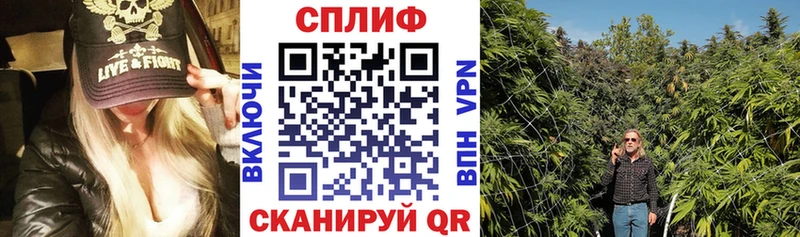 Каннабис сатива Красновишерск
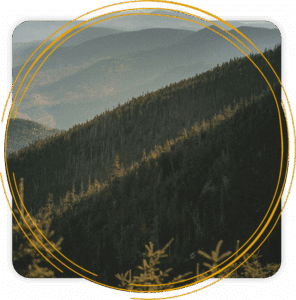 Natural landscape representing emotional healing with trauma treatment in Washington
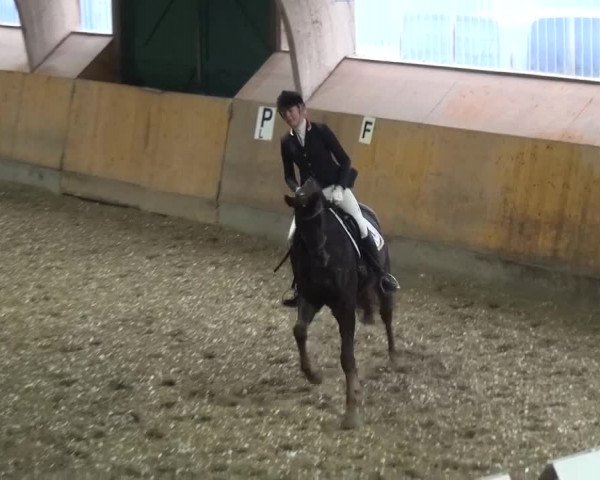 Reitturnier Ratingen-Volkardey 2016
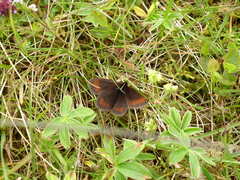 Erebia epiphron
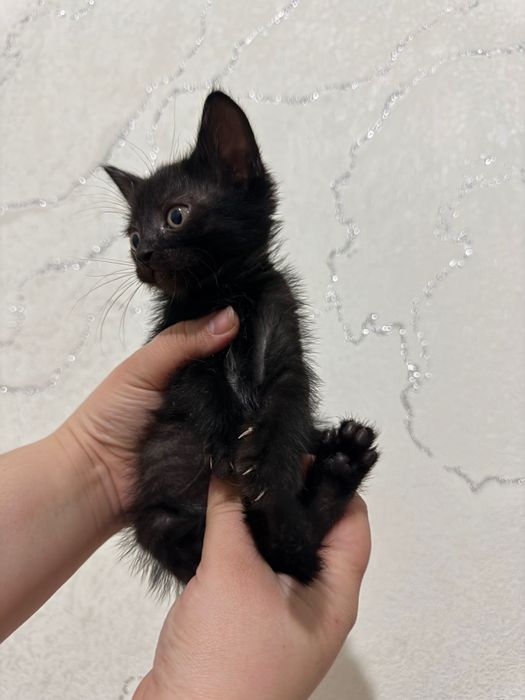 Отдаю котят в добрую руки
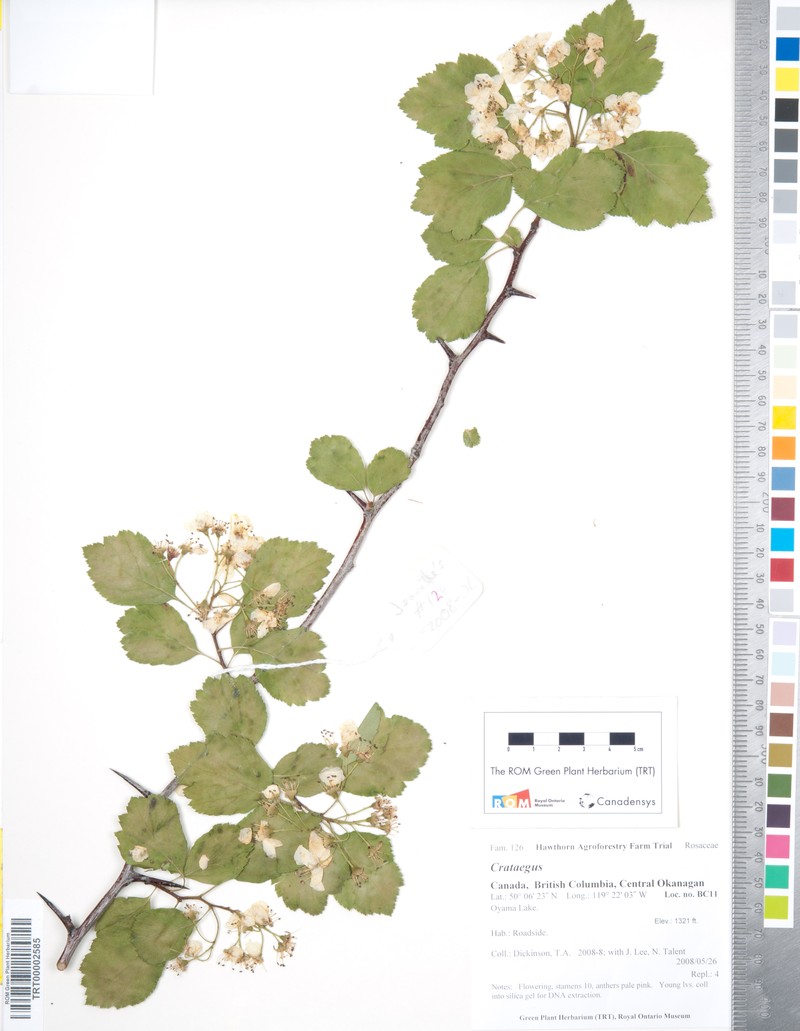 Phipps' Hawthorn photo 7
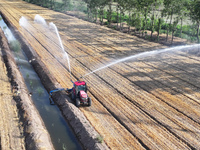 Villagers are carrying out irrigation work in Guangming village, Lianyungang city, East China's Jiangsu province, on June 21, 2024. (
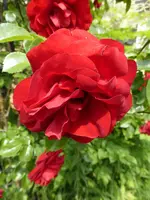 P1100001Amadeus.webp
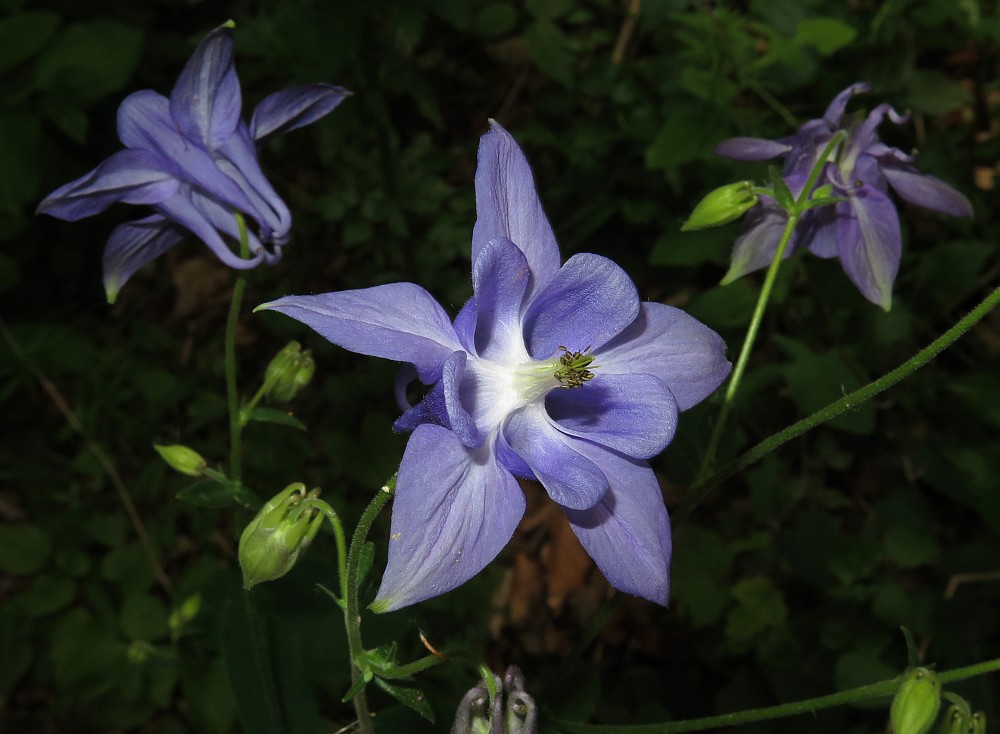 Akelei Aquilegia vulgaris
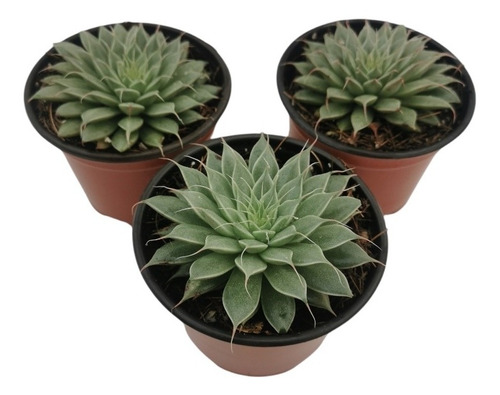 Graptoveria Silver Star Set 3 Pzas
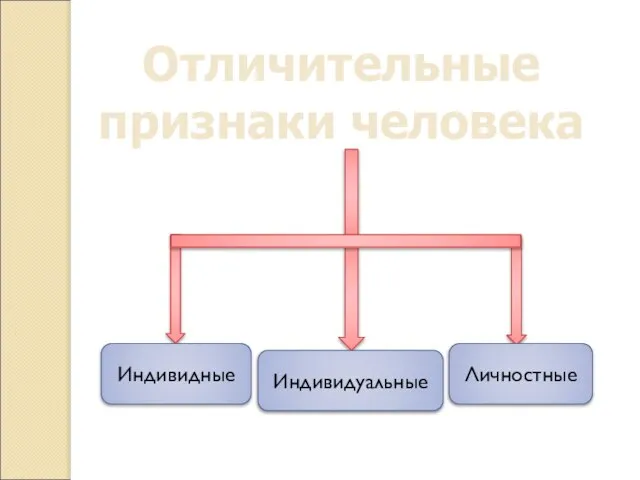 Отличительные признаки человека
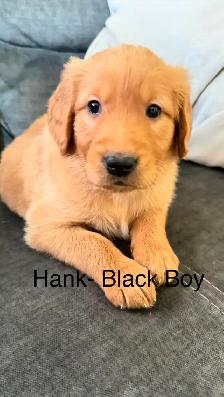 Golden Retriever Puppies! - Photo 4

= = = = = = =

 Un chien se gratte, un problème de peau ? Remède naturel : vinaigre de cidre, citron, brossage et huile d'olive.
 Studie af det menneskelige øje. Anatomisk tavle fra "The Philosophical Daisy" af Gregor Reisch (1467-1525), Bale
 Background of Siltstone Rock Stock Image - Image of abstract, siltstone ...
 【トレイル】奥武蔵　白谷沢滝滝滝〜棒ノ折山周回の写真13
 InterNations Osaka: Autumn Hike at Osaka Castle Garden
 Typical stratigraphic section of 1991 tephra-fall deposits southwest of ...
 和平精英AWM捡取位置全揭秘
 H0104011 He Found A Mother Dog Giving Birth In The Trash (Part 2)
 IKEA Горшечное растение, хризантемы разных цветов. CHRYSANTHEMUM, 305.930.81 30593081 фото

= = = = = = =

Pictures do not belong in the answer. Return the lines above starting at the one with "Каннабис сатива Красновишерск" and ending at the one with "Golden Retriever Puppies! - Photo 4", both kept, exactly.

 Каннабис сатива Красновишерск
 Natural landscape representing emotional healing with trauma treatment in Washington
 Reitturnier Ratingen-Volkardey 2016
 Erebia epiphron
 Отдаю котят в добрую руки
 Phipps' Hawthorn photo 7
 Villagers are carrying out irrigation work in Guangming village, Lianyungang city, East China's Jiangsu province, on June 21, 2024. (
 P1100001Amadeus.webp
 Akelei Aquilegia vulgaris
 Graptoveria Silver Star Set 3 Pzas
 Отличительные признаки человека
 Golden Retriever Puppies! - Photo 4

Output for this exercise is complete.